Con il quarto motivo si deduce "violazione, falsa ed erronea interpretazione ed applicazione della L. 24 novembre 1981, n. 689, art. 3 in relazione all’art. 360 c.p.c., nn. 3 e 5. Omessa e/o insufficiente motivazione", censurandosi l’affermazione dell’elemento psicologico dell’illecito, in particolare, l’esclusione dell’errore scusabile sulla sussistenza dell’obbligo di sottoposizione del bestiame al risanamento sanitario e della tenuta del registro aziendale, in considerazione della sussistenza della norma regionale rinviante il primo adempimento.

Il motivo va disatteso, non solo perchè si risolve in inammissibili censure in fatto, avverso la valutazione compiuta dal giudice di merito che, risulta sorretta dalle adeguate e ragionevoli argomentazioni di cui sub e) in narrativa, ma anche e soprattutto per l’irrilevanza dell’addotto convincimento di non essere soggetta all’obbligo in questione, tenuto conto dell’intrinseca falsità della resa dichiarazione di avervi provveduto, configurante una mendace e consapevole attestazione finalizzata al conseguimento del beneficio, in funzione del quale all’istante era stata espressamente richiesta la relativa dichiarazione.

Per quanto attiene poi al profilo relativo alla tenuta del registro, il mezzo d’impugnazione si limita ad una mera doglianza, non corredata da alcuna specifica censura.

Con il quinto motivo si deduce violazione e falsa applicazione della L. n. 689 del 1981, art. 8 con riferimento all’esclusa prescrizione, sostenendosi l’inidoneità interruttiva del verbale redatto dalla G.d.F..

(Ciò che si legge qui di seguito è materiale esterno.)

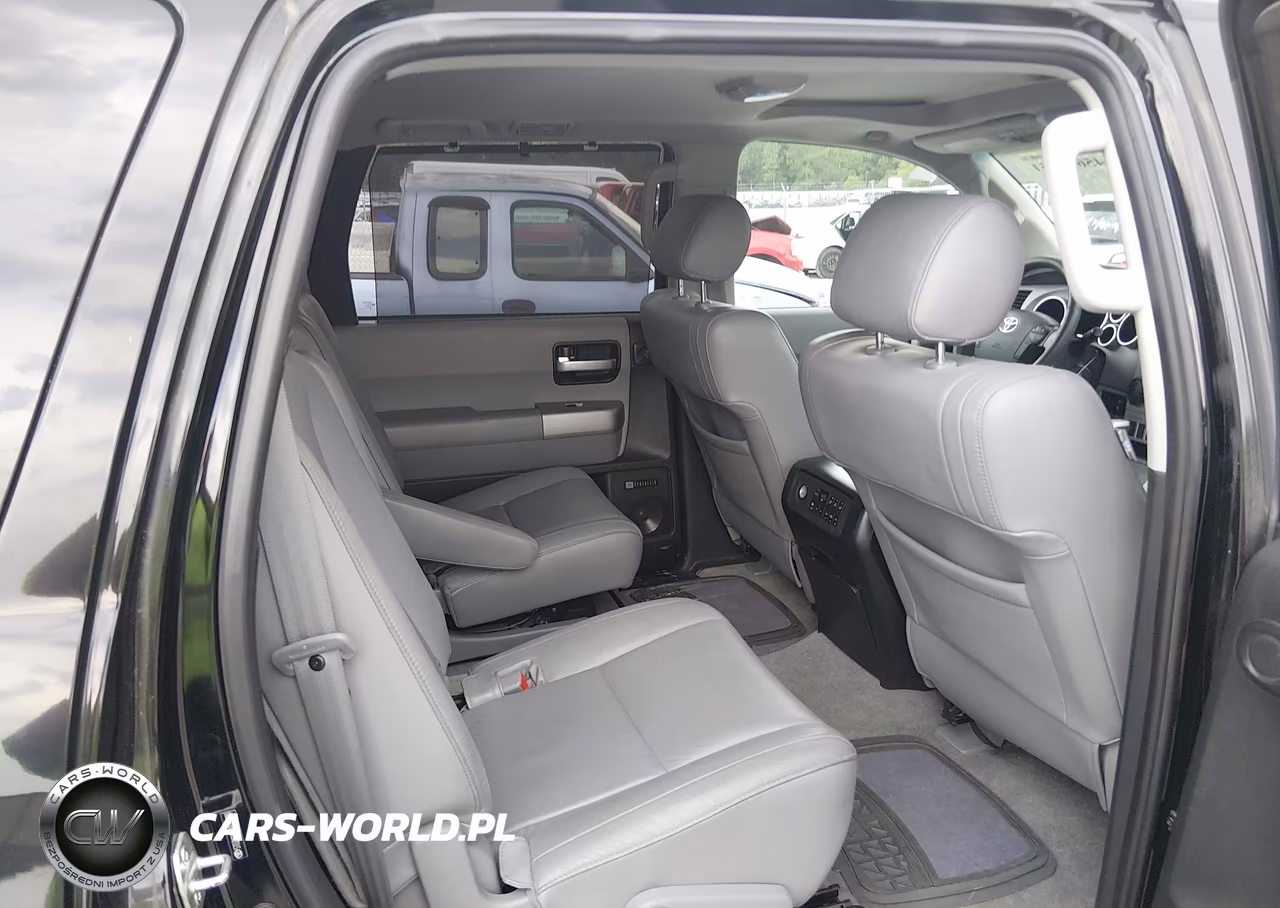 2008 Toyota Sequoia Limited 5.7L V8 VIN:5TDZY68A28S001000 - 8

Anche tale motivo è infondato, tenuto conto dell’ormai consolidato indirizzo della giurisprudenza di questa Corte, da cui il collegio non ravvisa motivi per disco starsi, secondo cui, in tema di illecito amministrativo, il decorso del termine prescrizionale resta interrotto da qualsiasi atto tipico del procedimento amministrativo, ivi compresi i verbali di accertamento e constatazione di cui alla L. n. 689 del 1981, artt. 13 e 14 cui va riconosciuta l’idoneità ad esternare la pretesa sanzionatoria dell’amministrazione, per conto della quale i verbalizzanti abbiano operato, così costituendo in mora i trasgressori ai sensi dell’art. 2943 c.c.(v. tra le altre, nn. 3124/05, 4088/05, 5063/06, 15631/06, 1/081/07 e la già citata n. 25830/11).

Nella specie, tenuto conto che gli illeciti erano stati commessi negli anni 1997 e 1998, che il suddetto verbale interruttivo era intervenuto il 3.5.01 e che l’ordinanza – ingiunzione era stata emessa il 23.9.04 e notificata il 21.10.04, risulta evidente come il termine quinquennale non fosse decorsole per l’una, nè per l’altra annualità.

Il ricorso va conclusivamente respinto.

Le spese, infine, seguono la soccombenza.

P.Q.M.

La corte rigetta il ricorso e condanna la ricorrente al rimborso delle spese del giudizio in favore della resistente amministrazione, che liquida in Euro 1.000, 00 per onorari, oltre a quelle prenotate a debito.

Così deciso in Roma, il 15 giugno 2012.